Weeks and sometimes months would pass between communications with Kargar. Over two years of negotiations, Alex made it clear that it was illegal to export night-vision goggles without a special license. Furthermore, the United States has an embargo on trade with Iran. Legitimate buyers were required to sign an end-user agreement stipulating they would not resell the items. Without the required documentation, crossing borders with the goggles was illegal.

Kargar understood and opted to proceed anyway. At one point, he wanted as many as 3,500 pairs for his client. The men discussed transporting the goggles through Spain, Turkey, or Canada.

On May 18, 2004, Kargar sent a fax proving that $10,500, the cost of one pair of goggles, had been wired from the National Bank of Dubai to Alex's bank account. The fax was on letterhead from Seif's company, Noor-Al-Fath. The men planned to meet so that Alex could hand over a sample pair. If it was acceptable, they would arrange a bulk purchase. During telephone discussions about the deal, Kriske ensured that a tape recorder was always rolling. Faxes and e-mails were saved as evidence.

On October 15, 2004, Alex got a call from a woman identifying herself as Farideh Fahimi. She explained that Kargar was no longer working for Seif and that she would be taking over the project.

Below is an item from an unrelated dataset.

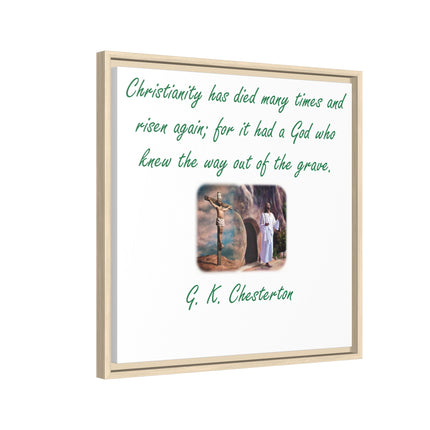 Framed Canvas Wall Art — G.K. Chesterton Easter Quote with Resurrection Image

Fahimi told Alex: "Mr. Seif — he's the owner of this company, our company, okay? He is working inside the government of Iran, and he has a good connection, which Mr. Kargar doesn't." She discussed the order — for "different kind of cameras, and whatsoever I don't know, I'm not technical in this part." Later in the conversation, she casually said, "This kind of work, everyone has two or three different names."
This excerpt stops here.